What’s not included in Kubernetes
Though Kubernetes is a powerful project and offers businesses many advantages, some assembly is required as it isn’t an out-of-the-box solution. In addition to requiring significant work to set roles, access controls, and multitenancy policies, Kubernetes also lacks:
Developer tooling and application services
Kubernetes does not include tested or validated middleware, database or performance monitoring solutions. Additional effort is needed to ensure Kubernetes works with specific editors, IDEs, and testing frameworks.
DevOps workflows
Kubernetes does not include a CI/CD workflow or container build and update processes.
Operating system, storage, and networking
These technologies do not come pre-packaged with Kubernetes, though they are needed for running containers in production.

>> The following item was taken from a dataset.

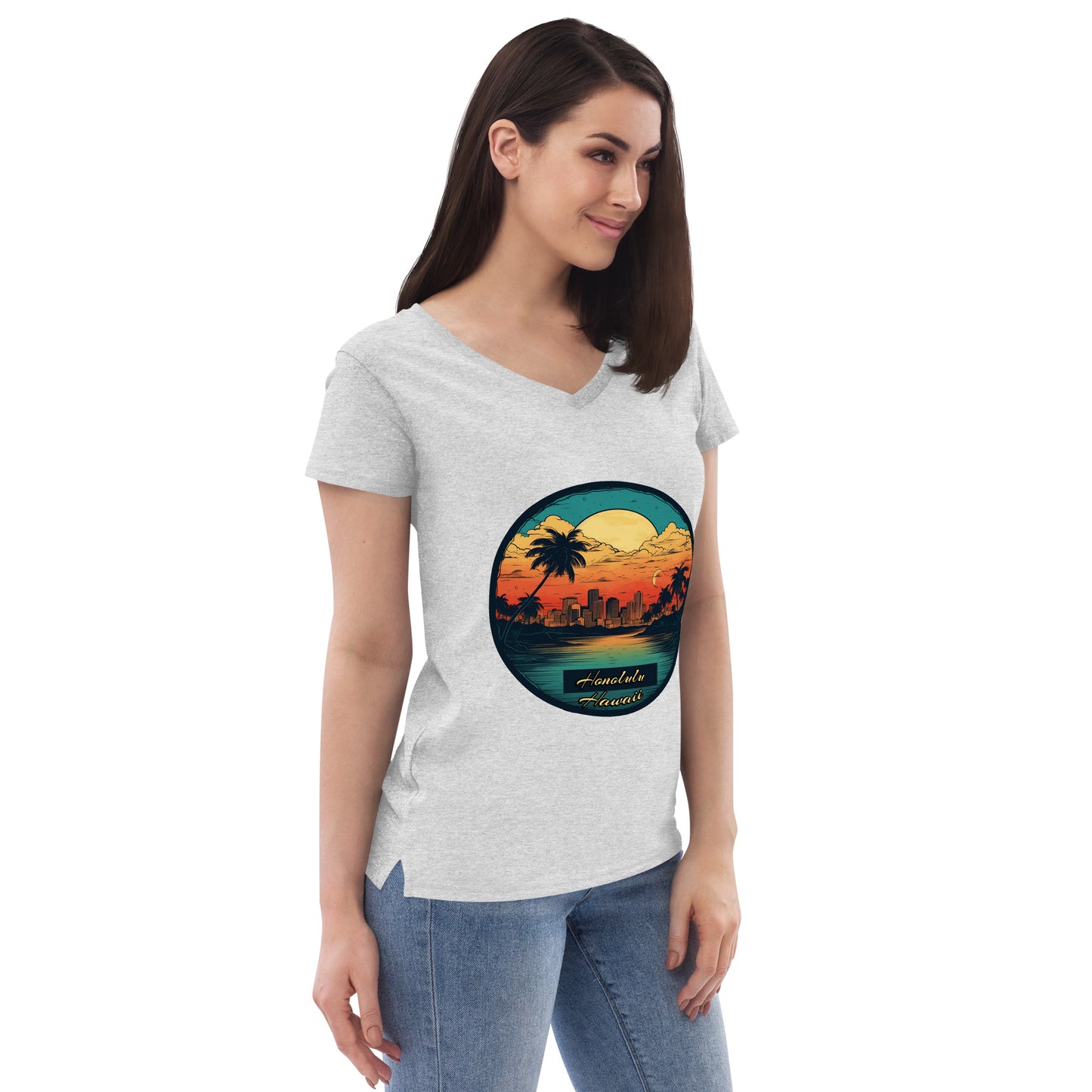 Honolulu Hawaii Souvenir Women’s recycled v-neck t-shirt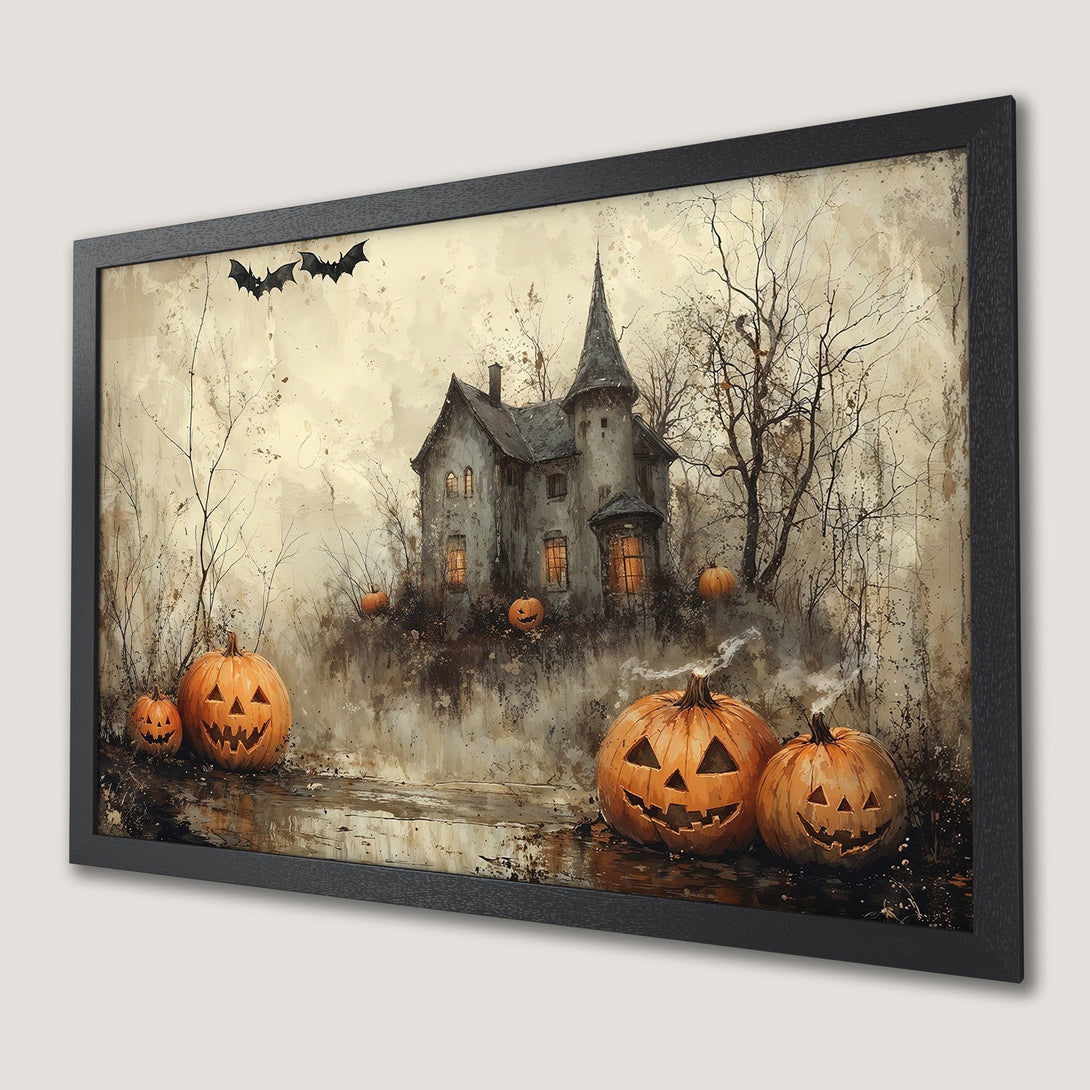 Framed Poster: Spooky Halloween scene with haunted house, pumpkins, and bats. Watercolor style, sepia and orange color palette. Perfect wall art!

Users must bring and integrate their own solutions.
Red Hat is open source leadership
Red Hat is one of the leading contributors to Kubernetes, and has built key features and components of the open source project. Through Red HatⓇ OpenShiftⓇ, Red Hat has years of experience supporting customers running containers in production with Kubernetes.
Red Hat OpenShift is more than just Kubernetes. Each release includes security, performance, and defect fixes, validated and tested integrations for third-party plugins, and enterprise lifecycle support. It runs anywhere Red Hat Enterprise Linux is supported, on-premise or in the public cloud, with push-button, cluster-wide updates from the operating system on up.